In the outline of A Poet’s Love, he had pictured the monologue in Pushkin’s play, Boris Godunov with Tsar Boris, clad in thick gold, with flecks of silver in his black beard … The red carpets of the cathedral. The red candlelight. And, illuminated by it, seemingly splashed with blood, the icon frames. The Tsar rushes about his apartments. Dark blue. Cherry red. Orange. Green … the multicoloured brightness of the apartments and towers of the Kremlin palace burst upon the Tsar, a nightmare of colour, as the camera lunges this way and that.’15 This was another colour dream that disappeared on waking to the monochrome reality of Soviet life.
On March 15, 1941, Eisenstein was awarded the Stalin Prize. But, as a previous biographer, Yon Barna put it, ‘his personal satisfaction was tempered with sadness as he noted that eight out of ten of the recipients of top awards were former students of Meyerhold – of that great personality who had so senselessly and tragically been wiped out of existence.’16 Perhaps to delay having to join Meyerhold, a month later Eisenstein published a short sycophantic piece in Pravda entitled ‘The Heirs and Builders of World Culture’ which eulogised the system that liquidated Meyerhold.
‘The land around is aglow. Thanks to the wisdom and foresight of the Soviet government and Comrade Stalin, our Union is the only place in the world where the artist can create in peace, where the builder can build in peace, and the inventor can solve his problems in peace. The rest of the world is in the furnace of war … A great task lies before us, the artists of the land of the Soviets; to continue and advance the cause of world culture. For, we apart, there is no one in the world working at this; everything beyond our Soviet soil is aimed at the annihilation and destruction of culture. Let our ranks stand all the more firmly together! We shall carry out our task with a new strength and energy! I shall wholly devote my personal creativity in the coming year to the creation of a film about the great builder of the Russian state in the sixteenth century: Ivan the Terrible.’ The article was signed, ‘S. Eisenstein, Film Director and Stalin Prize Winner.17
*
During the summer of 1941, Eisenstein was at his dacha at Kratov when news came through of the German attack on Russia. The Nazis, with the aid of Finnish and Romanian troops, invaded the Soviet Union. On the day before the invasion, Stalin was still acting as if he considered Hitler his partner. Prokofiev, who was also at Kratov working on his ballet Cinderella, described the day.

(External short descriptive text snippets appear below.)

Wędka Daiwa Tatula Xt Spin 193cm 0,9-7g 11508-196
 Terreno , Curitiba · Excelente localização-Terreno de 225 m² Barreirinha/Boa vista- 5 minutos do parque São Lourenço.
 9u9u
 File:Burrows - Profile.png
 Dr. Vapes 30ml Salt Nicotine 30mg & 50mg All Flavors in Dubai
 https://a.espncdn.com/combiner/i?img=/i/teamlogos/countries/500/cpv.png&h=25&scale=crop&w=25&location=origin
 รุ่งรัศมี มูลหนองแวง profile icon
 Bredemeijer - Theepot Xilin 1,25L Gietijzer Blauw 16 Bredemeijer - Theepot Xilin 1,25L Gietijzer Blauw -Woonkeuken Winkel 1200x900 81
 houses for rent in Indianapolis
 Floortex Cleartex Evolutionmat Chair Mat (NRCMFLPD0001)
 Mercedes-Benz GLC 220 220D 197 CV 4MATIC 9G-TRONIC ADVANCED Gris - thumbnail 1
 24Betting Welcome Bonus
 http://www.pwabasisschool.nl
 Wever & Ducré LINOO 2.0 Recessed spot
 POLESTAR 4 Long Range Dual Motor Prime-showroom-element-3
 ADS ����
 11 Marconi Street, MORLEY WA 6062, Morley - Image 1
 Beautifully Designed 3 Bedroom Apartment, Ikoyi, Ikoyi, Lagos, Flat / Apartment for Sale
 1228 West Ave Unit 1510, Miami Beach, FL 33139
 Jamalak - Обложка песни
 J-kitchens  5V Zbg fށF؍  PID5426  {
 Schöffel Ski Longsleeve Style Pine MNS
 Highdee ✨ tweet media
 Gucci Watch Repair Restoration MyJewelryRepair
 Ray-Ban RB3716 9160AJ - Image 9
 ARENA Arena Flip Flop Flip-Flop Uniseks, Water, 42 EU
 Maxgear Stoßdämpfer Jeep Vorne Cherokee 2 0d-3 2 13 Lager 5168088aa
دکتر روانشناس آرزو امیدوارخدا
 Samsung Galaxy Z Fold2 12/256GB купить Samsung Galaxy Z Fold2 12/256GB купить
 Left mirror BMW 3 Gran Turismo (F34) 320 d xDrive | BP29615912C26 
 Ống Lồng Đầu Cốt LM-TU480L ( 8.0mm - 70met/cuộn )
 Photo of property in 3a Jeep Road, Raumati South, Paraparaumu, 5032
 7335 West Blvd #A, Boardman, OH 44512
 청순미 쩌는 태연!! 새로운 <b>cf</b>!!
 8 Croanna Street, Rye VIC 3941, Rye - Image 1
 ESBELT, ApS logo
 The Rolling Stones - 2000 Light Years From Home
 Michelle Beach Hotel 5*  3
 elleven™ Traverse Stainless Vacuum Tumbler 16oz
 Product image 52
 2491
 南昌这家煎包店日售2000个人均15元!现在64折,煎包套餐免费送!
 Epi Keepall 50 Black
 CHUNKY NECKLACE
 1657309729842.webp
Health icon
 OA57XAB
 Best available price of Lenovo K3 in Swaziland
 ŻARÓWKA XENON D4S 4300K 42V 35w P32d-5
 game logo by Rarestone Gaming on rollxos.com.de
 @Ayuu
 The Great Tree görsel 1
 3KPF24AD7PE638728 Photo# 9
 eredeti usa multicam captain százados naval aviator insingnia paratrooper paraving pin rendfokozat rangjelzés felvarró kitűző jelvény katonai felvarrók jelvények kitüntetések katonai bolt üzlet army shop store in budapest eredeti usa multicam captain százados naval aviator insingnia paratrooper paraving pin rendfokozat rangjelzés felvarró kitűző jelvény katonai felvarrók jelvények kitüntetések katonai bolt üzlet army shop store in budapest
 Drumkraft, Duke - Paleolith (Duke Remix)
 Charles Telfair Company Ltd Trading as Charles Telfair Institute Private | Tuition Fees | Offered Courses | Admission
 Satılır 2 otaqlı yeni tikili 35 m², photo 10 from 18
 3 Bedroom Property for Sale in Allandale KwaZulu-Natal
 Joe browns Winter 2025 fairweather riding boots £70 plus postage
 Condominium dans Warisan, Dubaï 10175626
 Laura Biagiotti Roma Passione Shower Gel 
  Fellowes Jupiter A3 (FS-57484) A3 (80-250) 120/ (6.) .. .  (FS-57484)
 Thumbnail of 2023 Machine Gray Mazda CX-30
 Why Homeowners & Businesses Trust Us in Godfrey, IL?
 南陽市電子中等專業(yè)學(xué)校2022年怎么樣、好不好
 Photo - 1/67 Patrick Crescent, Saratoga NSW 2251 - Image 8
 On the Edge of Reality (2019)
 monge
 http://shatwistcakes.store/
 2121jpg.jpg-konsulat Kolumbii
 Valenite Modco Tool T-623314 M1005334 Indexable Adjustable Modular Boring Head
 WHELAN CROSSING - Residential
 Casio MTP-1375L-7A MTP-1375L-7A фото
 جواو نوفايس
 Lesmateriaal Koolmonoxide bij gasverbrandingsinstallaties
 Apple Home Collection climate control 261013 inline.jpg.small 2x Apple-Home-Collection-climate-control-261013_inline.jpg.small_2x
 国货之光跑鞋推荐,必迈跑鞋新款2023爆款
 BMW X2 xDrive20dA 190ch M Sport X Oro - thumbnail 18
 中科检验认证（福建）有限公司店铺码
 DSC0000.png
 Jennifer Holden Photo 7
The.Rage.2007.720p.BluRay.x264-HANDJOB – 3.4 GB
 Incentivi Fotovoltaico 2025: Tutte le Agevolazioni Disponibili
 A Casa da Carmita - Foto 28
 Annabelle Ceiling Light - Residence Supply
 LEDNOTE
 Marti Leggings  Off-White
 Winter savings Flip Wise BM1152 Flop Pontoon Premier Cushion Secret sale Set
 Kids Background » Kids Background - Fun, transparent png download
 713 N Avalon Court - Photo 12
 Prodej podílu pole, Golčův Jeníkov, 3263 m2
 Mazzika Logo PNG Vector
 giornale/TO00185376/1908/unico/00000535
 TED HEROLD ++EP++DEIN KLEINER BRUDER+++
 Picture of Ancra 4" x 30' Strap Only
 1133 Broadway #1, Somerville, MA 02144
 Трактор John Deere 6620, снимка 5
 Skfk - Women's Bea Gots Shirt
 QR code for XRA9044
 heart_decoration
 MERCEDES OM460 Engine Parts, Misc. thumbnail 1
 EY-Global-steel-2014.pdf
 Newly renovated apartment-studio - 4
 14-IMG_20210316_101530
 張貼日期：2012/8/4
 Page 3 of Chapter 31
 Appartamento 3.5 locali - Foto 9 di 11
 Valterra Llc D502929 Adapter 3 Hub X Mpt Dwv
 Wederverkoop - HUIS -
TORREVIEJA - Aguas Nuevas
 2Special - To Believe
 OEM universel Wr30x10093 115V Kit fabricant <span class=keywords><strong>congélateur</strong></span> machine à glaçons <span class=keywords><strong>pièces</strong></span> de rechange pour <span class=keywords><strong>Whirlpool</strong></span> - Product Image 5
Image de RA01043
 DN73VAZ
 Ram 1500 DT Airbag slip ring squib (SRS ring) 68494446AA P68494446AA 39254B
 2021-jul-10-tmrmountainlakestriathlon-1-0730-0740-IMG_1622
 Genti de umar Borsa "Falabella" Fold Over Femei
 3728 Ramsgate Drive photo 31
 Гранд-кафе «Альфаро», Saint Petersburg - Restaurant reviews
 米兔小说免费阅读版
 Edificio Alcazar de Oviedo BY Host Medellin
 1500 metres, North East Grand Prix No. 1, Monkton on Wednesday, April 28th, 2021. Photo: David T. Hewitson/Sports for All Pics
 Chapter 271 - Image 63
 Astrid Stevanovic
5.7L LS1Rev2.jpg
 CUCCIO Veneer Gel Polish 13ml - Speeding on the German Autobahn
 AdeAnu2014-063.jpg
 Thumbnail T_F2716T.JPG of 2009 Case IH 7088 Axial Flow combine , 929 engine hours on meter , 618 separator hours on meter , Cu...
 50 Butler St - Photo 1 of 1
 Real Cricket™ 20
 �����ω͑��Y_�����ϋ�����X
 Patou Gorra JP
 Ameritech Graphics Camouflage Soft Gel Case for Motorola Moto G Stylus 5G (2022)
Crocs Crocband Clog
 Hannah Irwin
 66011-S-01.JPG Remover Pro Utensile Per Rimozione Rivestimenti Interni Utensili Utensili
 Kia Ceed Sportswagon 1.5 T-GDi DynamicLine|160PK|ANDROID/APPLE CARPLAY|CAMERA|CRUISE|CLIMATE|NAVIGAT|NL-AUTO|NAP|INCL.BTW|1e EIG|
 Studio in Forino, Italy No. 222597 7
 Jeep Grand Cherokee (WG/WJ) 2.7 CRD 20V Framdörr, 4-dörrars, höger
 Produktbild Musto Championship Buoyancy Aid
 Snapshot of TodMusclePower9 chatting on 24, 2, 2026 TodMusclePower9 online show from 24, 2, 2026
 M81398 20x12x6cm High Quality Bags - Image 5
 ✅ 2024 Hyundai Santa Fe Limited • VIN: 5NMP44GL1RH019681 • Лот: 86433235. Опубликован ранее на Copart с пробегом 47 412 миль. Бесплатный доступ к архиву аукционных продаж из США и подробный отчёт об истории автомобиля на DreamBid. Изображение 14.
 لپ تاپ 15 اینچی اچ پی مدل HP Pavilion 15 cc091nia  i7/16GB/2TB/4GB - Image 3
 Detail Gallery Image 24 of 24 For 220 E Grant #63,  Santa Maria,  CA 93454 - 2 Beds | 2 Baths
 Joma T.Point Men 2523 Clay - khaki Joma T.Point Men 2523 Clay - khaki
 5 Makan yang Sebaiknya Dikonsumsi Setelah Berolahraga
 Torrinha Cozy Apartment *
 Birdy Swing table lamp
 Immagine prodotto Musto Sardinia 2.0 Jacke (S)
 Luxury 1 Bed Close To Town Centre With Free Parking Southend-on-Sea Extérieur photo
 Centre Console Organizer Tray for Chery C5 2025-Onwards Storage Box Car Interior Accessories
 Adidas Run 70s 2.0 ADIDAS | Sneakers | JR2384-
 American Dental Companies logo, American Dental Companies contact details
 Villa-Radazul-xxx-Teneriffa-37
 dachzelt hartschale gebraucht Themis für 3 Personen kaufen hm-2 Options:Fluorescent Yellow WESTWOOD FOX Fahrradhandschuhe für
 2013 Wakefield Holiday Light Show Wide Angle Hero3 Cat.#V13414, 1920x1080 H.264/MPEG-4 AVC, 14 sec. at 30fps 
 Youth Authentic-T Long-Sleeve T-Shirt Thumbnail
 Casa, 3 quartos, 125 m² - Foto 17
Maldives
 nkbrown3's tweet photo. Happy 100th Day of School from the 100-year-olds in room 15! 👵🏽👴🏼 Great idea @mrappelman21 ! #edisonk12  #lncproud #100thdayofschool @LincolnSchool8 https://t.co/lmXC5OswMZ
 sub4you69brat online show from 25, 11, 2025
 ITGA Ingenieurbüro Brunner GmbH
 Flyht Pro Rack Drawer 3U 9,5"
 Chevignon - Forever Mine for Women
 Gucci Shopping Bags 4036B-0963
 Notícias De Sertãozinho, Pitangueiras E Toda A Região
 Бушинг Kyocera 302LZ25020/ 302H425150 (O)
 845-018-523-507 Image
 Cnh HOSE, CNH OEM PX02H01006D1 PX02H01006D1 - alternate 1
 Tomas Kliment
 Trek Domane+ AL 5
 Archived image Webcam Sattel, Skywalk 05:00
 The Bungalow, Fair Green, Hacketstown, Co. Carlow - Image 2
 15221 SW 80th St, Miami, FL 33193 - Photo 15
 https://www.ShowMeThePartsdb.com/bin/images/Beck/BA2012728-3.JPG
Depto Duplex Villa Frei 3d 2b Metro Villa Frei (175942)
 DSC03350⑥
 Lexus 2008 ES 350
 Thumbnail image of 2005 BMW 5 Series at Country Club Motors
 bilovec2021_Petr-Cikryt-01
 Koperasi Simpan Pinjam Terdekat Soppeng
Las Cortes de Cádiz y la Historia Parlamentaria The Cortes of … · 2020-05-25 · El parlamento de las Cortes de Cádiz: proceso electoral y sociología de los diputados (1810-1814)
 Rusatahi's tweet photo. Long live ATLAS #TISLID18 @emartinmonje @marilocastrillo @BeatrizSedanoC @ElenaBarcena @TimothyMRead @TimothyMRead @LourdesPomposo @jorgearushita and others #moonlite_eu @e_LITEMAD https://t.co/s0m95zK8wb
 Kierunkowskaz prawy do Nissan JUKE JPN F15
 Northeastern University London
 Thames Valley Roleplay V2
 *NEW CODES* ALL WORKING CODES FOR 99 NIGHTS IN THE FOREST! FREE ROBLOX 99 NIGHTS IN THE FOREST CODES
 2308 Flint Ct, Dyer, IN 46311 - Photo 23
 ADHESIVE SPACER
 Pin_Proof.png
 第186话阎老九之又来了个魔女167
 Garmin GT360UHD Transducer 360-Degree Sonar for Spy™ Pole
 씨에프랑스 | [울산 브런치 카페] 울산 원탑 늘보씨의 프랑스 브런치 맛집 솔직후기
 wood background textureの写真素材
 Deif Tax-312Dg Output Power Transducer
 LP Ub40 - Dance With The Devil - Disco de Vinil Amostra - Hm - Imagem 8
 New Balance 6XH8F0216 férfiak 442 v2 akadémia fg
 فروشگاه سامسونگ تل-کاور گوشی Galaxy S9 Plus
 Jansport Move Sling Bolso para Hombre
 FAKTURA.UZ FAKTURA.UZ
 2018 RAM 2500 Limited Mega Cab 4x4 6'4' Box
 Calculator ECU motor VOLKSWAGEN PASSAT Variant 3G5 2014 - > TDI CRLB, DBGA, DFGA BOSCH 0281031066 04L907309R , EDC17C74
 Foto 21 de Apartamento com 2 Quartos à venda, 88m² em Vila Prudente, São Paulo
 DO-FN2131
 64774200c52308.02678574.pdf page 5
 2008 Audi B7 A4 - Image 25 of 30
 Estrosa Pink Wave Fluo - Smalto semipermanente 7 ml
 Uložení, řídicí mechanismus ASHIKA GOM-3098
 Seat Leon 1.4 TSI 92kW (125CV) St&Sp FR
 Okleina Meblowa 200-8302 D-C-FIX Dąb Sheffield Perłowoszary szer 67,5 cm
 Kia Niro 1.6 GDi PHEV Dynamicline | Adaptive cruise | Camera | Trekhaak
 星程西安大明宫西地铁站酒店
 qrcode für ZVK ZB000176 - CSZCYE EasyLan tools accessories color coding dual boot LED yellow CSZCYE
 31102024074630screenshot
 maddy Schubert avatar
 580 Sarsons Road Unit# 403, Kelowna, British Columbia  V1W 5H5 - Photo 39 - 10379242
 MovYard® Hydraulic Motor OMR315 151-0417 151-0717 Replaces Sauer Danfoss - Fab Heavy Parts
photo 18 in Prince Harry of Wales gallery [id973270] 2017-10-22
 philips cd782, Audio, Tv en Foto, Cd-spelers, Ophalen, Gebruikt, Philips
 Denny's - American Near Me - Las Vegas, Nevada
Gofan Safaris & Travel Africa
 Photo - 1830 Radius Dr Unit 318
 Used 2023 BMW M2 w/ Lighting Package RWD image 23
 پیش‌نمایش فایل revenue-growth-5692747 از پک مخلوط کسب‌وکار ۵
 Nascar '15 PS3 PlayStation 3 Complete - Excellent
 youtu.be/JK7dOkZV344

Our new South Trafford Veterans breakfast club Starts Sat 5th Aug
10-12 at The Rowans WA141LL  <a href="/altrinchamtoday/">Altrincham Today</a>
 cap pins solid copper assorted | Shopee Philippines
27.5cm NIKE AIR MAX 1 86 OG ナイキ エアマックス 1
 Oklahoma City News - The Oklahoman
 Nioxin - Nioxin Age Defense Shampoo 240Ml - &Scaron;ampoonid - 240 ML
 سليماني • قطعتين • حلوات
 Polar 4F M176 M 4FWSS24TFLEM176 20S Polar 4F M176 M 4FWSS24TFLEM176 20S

‘On the warm, sunny morning of June 22, I was sitting at my desk when suddenly the watchman’s wife appeared, looking greatly upset. “The Germans have invaded us,” she gasped. “They say they’re bombing our cities.” The news staggered me … I hurried over at once to see Sergei Eisenstein who lived not far from us. Yes, it was true.’18
From June 22 to July 3, 1941, Stalin did not utter a word in public. He then commandeered the people to conduct guerrilla warfare in Nazi-occupied areas, and said he would wage a ‘national patriotic war.’ He warned that ‘there must be no room for whimperers and cowards, for panic-mongers and deserters …’ Thousands of prominent political prisoners were hastily executed, and other potential dissidents were selected for frontline service.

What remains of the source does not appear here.